One of the more recent applications to anaesthesia, iontophoresis was first studied by Veralti in 1947 and later in the century by Leduc. The process of iontophoresis involves the application of a current to a transdermally applied ionizable drug in order to increase its absorption through the skin. When such a drug dissolves in water, it separates into positive and negative ions. If an electric current passes through the ionized solution, the ionized substances carry the electric current from the positive electrode to the negative electrode. Usually, the iontophoretic substances consist of medications such as anti-inflammatory steroids and local anaesthetics. This applied current causes the drug to be deposited further into the tissues than by simple transdermal application. 8 The degree of iontophoresis is proportional to the applied current density. ₈, ₁₀ Iontophoresis is facilitated by the use of water-based preparations, such as Diclofenac Gel, since these preparations are easily ionized. However, iontophoresis is limited to an extent by the hydrolysis of water, and the generation of hydrogen ions which lead to decreased delivery rates, tissue acidosis and electrolyte dissolution. Some formulations have added buffers which reduce the problem of free hydrogen ions. The electrical polarity of the drug delivery electrode determines whether the positive or negatively ions pass into the tissues below. Thus iontophoresis has the advantage over simple transdermal application of drugs, by that it increases the absorption of a drug intensifies and prolongs the action and the drug delivery rate may be adjusted by varying the applied current.₁₃

Diclofenac and other NSAIDs act by inhibiting the mediators of the inflammatory response to injury such as the prostaglandins. These mediators are usually released only when the tissue is injured and hence theoretically diclofenac should not have any analgesic effect when applied topically to non-inflamed surface. A possible explanation for the enhancement of the analgesic effect of the NSAID by iontophoresis is that iontophoresis itself may stimulate an inflammatory response and during testing the pinprick activates local inflammatory mediators. Iontophoresis may also increase the penetration of the diclofenac into the skin and underlying tissues and thereby increasing the anti-inflammatory effect. As a consequence, there may be an increase in the analgesic effect.

Another possible explanation is that iontophoresis may act similar to transcutaneous electrical nerve stimulation (TENS), and may inhibit the transmission of pain through A-beta fibres, establishing a “gate control”. Gamma amino benzoic acid (GABA) has been proposed as the neurotransmitter for this mechanism of action. Regardless of the exact mechanism of action of the iontophoresis enhancing the effect of the diclofenac, the present study found that it does provide sufficient analgesia for intravenous cannulation.

Pain as an experience may be influenced by many subjective and emotional factors making it difficult to exactly quantify the sensation- the so-called problems of “algesimetry”. One of the most common methods to evaluate pain is the application of Visual Analogue Score (VAS). This score allows the quantification of pain, with a scale from one to ten, with one being the least pain possible and ten the worst pain.
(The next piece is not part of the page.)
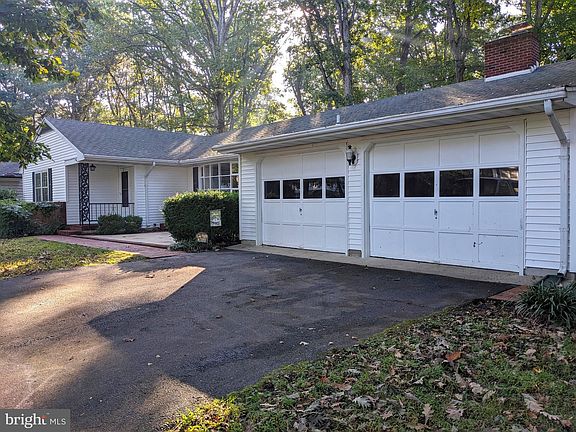 2nd image of 7053 Atlanta Cir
The VAS was chosen to evaluate pain in the present study, because it is simple and user friendly. Although the VAS may be described an inconsistent scoring system (one patient's three may be another patient's one) this is inherent with any other measurement of pain.
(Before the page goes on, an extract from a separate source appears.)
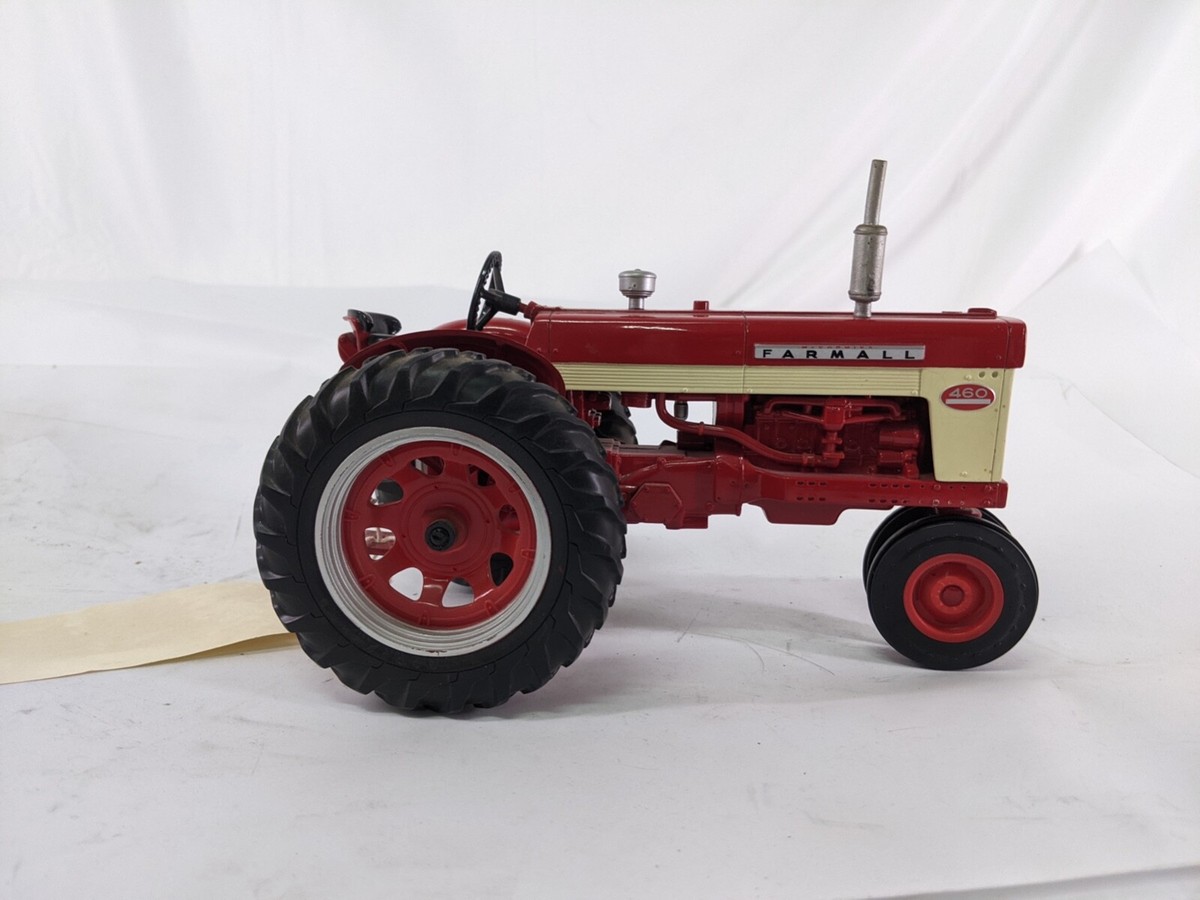 ミニカー　アメリカントラクター　McCORMICK FARMALL ミニカーアメリカントラクターMcCORMICK FARMALL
The major limitation of the present study is the possible introduction of bias by the volunteers and the investigator. Uniform experimental conditions were achieved in order to eliminate bias as far as possible. These conditions included:

1. Single investigator collected all the data to avoid inter-observer variability

2. The same size of needle was used on all volunteers, as different needle sizes are associated with different intensities of pain.

3. Similar sites on the dorsal surfaces of both hands were used as the testing areas to allow for similar dermatome distribution and pain pathways.

4. The same concentration and dosage of drug was used on all volunteers

5. All the electrodes were of the same size.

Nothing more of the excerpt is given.